Where does one begin when invited by a publisher, in response to the growing interest in India in Japanese forms of poetry, to prepare an international collection of haibun that showcases the genre with a variety of styles? Not knowing where to start, writes editor Angelee Deodhar of India, she contacted the 25 writers featured in the anthology and asked them to contribute works for consideration. The result was 116 haibun, 3 tanka prose, and 3 hybrid poems containing both haiku and tanka.

The anthology opens with a set of definitions from "Haibun Defined: Anthology of Haibun Definitions" as previously collected and published by Jeffrey Woodward in his online journal, Haibun Today. Six of the poets featured in this anthology are also included in Woodward's December 2007 list of definitions: David Cobb, Ken Jones, W.F. Owen, Ray Rasmussen, Bruce Ross and Jeffrey Woodward.

Haibun from poets in South Asia represent only twenty percent of the collection which is arranged alphabetically by author's name with the author's country and a short bio preceding his or her haibun. Because I was interested in the writers from South Asia, I intentionally read their works first, but the curious reader can thumb through the book, pick a spot and jump in.
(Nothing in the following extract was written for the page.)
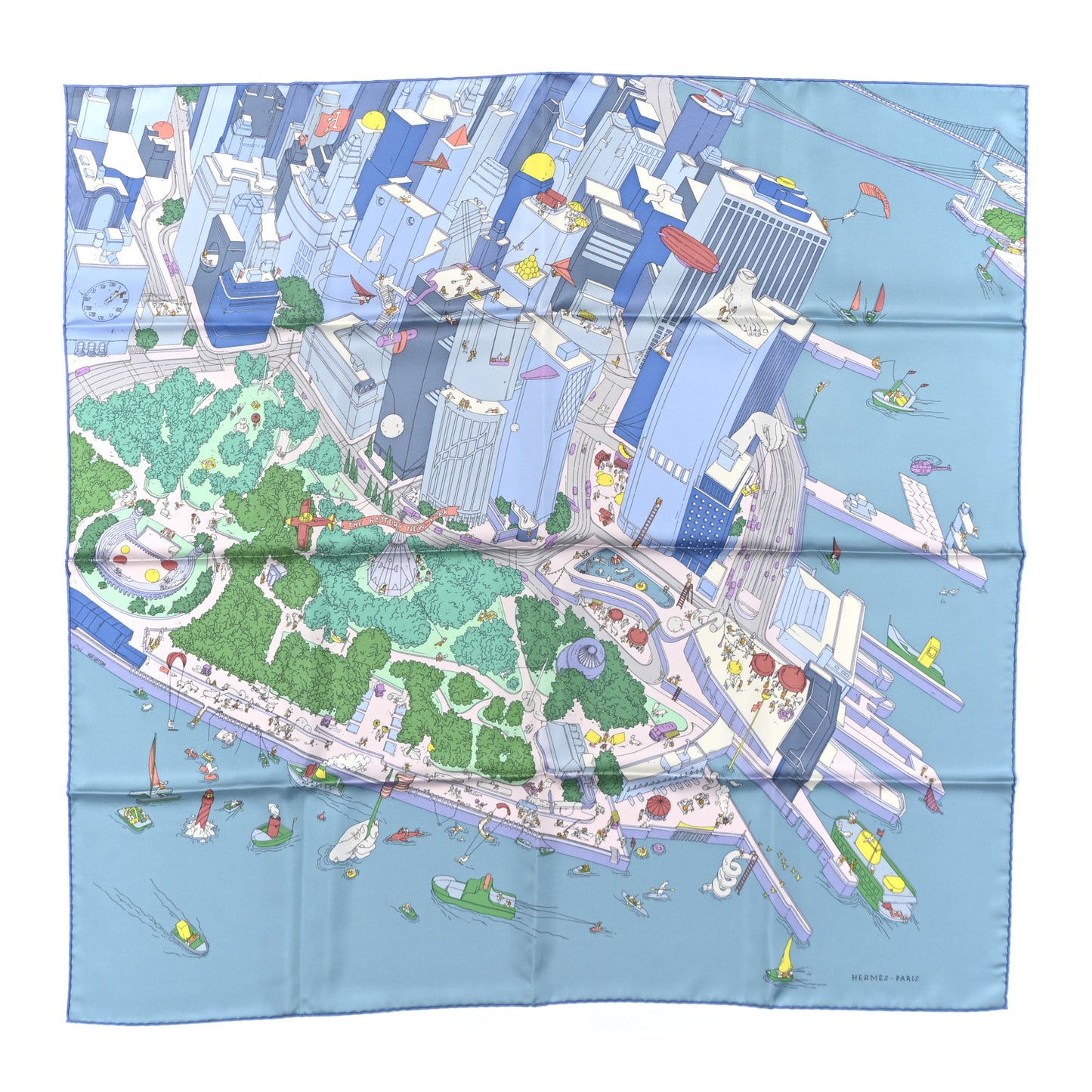 Silk The Battery New York Scarf 90 Bleu Vert Rose Pale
Bhutan's Sonam Chhoki writes about the passing of her father in the serene "When my father became prayer flags . . . ." The setting is an ancestral place where "Gamboge tendrils of bitter gourd vines flutter noiselessly in the breeze" and where ". . . 108 prayer flags flap in unison." Chhoki demonstrates good emotional restraint allowing the scene to convey the mood. She concludes with a haiku that implies that everything previously known to her is now out of view:

fog in the valley—
long creak of prayer wheels
into the night

In Kala Ramesh's "All That's Left" (written in basic unit style—one paragraph of prose followed by one haiku), the Indian poet introduces readers to both poverty and richness through the daily life of a mother dedicated to caring for her family:

The cow dung paste caressingly patted in her hands and slapped across the outside walls to dry in the scorching Chennai heat, this mother to seven children then moves on to other chores . . .
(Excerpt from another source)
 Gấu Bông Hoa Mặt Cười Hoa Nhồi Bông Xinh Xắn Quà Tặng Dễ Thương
As with Chhoki's piece, Ramesh controls her emotion. She never tells the reader how to feel or reveals her own thoughts. The author closes with a haiku that carries the reader beyond the family's simple mud floor dwelling:

the desert . . .
and all that's left, the sky
with all her stars

In "Termite Hills," Johannes Manjrekar, also an Indian poet, is a disobedient child fascinated by "the termite hills that sprouted like little red-soil plants on the empty plots in our outskirt of the town." Determined to keep the cobras away and to keep "us humans safe," he stuffs the holes with stones.

There's humor in Manjrekar's closing haiku which is only realized when one considers the work as a whole. It isn't necessarily a strong "stand alone" haiku (some haibunists consider this a must), but in the context of this piece it strengthened the work and made me smile.

nuptial flight—
crows and kites pick off
the winged termites

The above is just a sampling of the 25 works from India and Bhutan. Haibun from writers in the USA and Canada dominate over half of the journal. David Cobb and Ken Jones represent the United Kingdom and Wales respectively, but this geographical region, in general, is underrepresented with only 6 haibun from an area with many strong and veteran haibunists such as Graham High, Lynne Rees and Peter Butler. The anthology also includes haibun from New Zealand, Philippines, and Ethiopia but sadly skipped Australia and the fine work of writers such as Jeffrey Harpeng.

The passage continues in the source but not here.